-- Task brief --
Reproduce the records below exactly, leaving out any pictures.

***

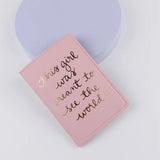 Travel Waterproof Dirt Passport Holder Cover Wallet Letter Print Fashion ID Card Holders Business Credit Card Holder Case Pouch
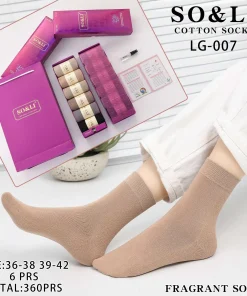Skarpety Damskie, size 36-42,Paczka 36szt, mix kolor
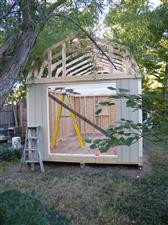 Trusses end view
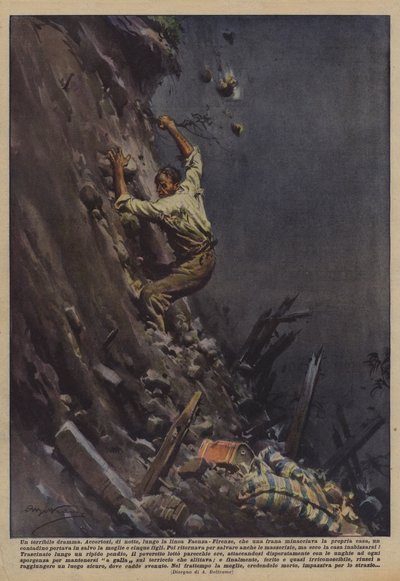 Et frygteligt drama af Achille Beltrame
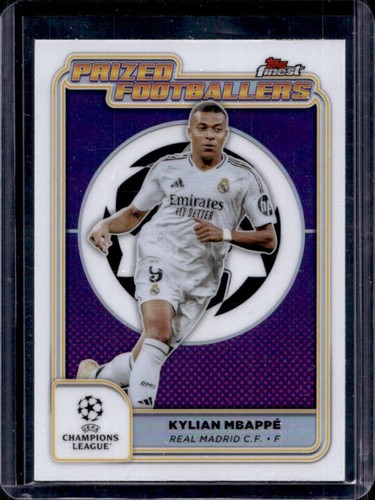Kylian Mbappe 2024 Topps Finest UEFA PF-13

***

-- Task solution --
 Travel Waterproof Dirt Passport Holder Cover Wallet Letter Print Fashion ID Card Holders Business Credit Card Holder Case Pouch
Skarpety Damskie, size 36-42,Paczka 36szt, mix kolor
 Trusses end view
 Et frygteligt drama af Achille Beltrame
Kylian Mbappe 2024 Topps Finest UEFA PF-13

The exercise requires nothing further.